Clone this repo to run these test in your local machine.

Unit Tests

Unit tests cover all tests falls under teh first four categories.

How to run?

  1. Build the airflow image. Go to project root directory and run

    docker build . -t airflow-test

  2. Run the unit tests from the docker. Use your repository location for {SourceDir} (Eg. If you cloned your repo at /User/username/airflow-testing/ then SourceDir is /User/username.)

    docker run -ti -v {SourceDir}/airflow-testing:/opt --entrypoint /mnt/entrypoint.sh airflow-test run_unit_tests

End-to-End Tests

End-to-End tests cover all tests of category five. To run these tests, we need to set up airflow environment in minikube. Also, we need to set up all the component required by your DAGs.

Minikube set up

Prerequisite:

git clone https://github.com/chandulal/airflow-testing.git
brew cask install virtualbox (run if you don't have virtual box installed)

Install minikube

brew cask install minikube
brew install kubernetes-cli
minikube start --cpus 4 --memory 8192

Mount DAGs, Plugins, etc.

Mount all your DAGs,Plugins, etc. in minikube

minikube mount {project dir}/src/main/python/:/data

Deploy Airflow in minikube

Open new terminal. Go to project root dir and run:

kubectl apply -f airflow.kube.yaml

wait for 3-4 min to start all airflow components.

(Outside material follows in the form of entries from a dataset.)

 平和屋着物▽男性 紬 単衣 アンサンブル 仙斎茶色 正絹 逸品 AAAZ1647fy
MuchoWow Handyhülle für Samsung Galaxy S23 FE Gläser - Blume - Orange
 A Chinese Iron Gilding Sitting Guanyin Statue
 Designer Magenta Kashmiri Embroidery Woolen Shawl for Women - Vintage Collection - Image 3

This will set up following components:

  • Postgres (To store the metadata of airflow)
  • Redis (Broker for celery executors)
  • Airflow Scheduler
  • Celery Workers
  • Airflow Web Server
  • Flower

Access Airflow

Get minikube ip by running minikube ip command

Use minikube ip and access:

**Airflow UI:** {minikube-ip}:31317 

**Flower:** {minikube-ip}:32081

How Airflow works in minikube?

minkube_airflow_architecture

How to run these tests?

  1. Install all required components to run your DAGs in minikube. To run integration tests, available in this repo, we required MySQL and Presto on minikube.

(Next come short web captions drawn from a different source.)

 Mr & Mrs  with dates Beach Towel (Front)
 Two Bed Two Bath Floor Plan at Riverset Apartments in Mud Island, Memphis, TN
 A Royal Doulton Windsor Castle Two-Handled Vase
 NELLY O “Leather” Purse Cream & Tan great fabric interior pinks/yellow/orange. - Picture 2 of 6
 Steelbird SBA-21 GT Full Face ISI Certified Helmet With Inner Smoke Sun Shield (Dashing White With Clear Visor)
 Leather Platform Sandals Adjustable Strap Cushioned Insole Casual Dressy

     kubectl apply -f {SourceDir}/k8s/mysql/mysql.kube.yaml
     kubectl apply -f {SourceDir}/k8s/presto/presto.kube.yaml
     
  2. Run the integration tests from the docker. Use absolute path of this repository in your machine for {SourceDir}

    docker run -ti -v {SourceDir}/airflow-testing:/opt --entrypoint /mnt/entrypoint.sh airflow-test run_integration_tests {minikube-ip}